According to a poll, 20% of adults smoke. In a random sample of 75 adults, 30 are smokers. Is this unusual?

yeah i guess

To determine whether this is unusual or not, we can compare the observed proportion of smokers in the random sample to the expected proportion based on the poll.

First, let's calculate the expected number of smokers in the sample. We know that 20% of adults smoke, so we can find the expected proportion of smokers in the sample by multiplying 20% by the sample size:

Expected Proportion of Smokers = 20% = 0.2
Expected Number of Smokers = Expected Proportion of Smokers × Sample Size
= 0.2 × 75
= 15

Now, let's compare the expected number of smokers to the observed number of smokers in the sample.

Observed Number of Smokers = 30

Since the observed number of smokers (30) is greater than the expected number of smokers (15), it suggests that the proportion of smokers in the random sample is higher than the overall population proportion.

To determine if this difference is statistically significant, we need to perform a hypothesis test.
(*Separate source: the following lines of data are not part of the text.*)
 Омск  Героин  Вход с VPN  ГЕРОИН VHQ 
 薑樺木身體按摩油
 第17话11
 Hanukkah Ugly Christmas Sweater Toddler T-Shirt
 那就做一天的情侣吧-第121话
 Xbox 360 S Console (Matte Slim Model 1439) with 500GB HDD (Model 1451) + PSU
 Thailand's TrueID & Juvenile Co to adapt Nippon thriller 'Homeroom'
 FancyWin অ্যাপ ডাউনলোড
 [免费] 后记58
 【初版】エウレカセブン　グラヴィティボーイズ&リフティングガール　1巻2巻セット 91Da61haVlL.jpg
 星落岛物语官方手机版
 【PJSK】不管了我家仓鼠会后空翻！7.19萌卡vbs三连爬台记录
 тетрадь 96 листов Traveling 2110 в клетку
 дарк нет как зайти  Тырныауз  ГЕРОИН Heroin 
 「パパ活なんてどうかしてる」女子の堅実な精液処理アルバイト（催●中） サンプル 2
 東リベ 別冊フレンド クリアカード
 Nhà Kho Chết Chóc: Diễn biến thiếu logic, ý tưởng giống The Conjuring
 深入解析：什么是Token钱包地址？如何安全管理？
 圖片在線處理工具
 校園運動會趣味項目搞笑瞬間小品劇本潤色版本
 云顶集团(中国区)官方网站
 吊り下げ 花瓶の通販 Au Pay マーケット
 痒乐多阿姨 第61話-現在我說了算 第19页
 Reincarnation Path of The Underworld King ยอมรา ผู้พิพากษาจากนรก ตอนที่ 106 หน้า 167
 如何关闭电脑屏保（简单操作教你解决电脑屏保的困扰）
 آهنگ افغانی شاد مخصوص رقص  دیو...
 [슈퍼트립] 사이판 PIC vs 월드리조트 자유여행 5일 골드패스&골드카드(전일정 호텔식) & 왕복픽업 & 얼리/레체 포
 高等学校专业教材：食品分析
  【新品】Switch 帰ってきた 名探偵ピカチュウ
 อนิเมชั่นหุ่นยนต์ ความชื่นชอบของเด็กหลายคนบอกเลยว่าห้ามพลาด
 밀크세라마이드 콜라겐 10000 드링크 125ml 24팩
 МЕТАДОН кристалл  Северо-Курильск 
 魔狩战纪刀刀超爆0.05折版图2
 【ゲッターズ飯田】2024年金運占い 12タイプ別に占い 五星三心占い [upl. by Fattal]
One commonly used method is the proportion test, specifically the one-sample z-test for proportions.

The steps for conducting a one-sample z-test for proportions are as follows:

1. Formulate the null hypothesis (H0) and the alternative hypothesis (H1):
- H0: The proportion of smokers in the random sample is equal to the proportion of smokers in the overall population (p = 0.2).
- H1: The proportion of smokers in the random sample is different from the proportion of smokers in the overall population (p ≠ 0.2).

2. Calculate the test statistic, which in this case is the z-score:
z = (Observed Number of Smokers - Expected Number of Smokers) / sqrt(Expected Number of Smokers × (1 - Expected Number of Smokers) / Sample Size)

3. Determine the critical value based on the desired level of significance (α). This value is compared to the absolute value of the test statistic to determine statistical significance. For example, if α = 0.05, we would compare the absolute value of the test statistic to the critical value of 1.96 (for a two-tailed test).

4. Compare the absolute value of the test statistic to the critical value:
- If the absolute value of the test statistic is greater than the critical value, we reject the null hypothesis and conclude that the difference is statistically significant.
- If the absolute value of the test statistic is smaller than or equal to the critical value, we fail to reject the null hypothesis and conclude that the difference is not statistically significant.

By following these steps and performing the necessary calculations, we can determine if the observed proportion of smokers in the random sample is significantly different from the proportion obtained from the poll.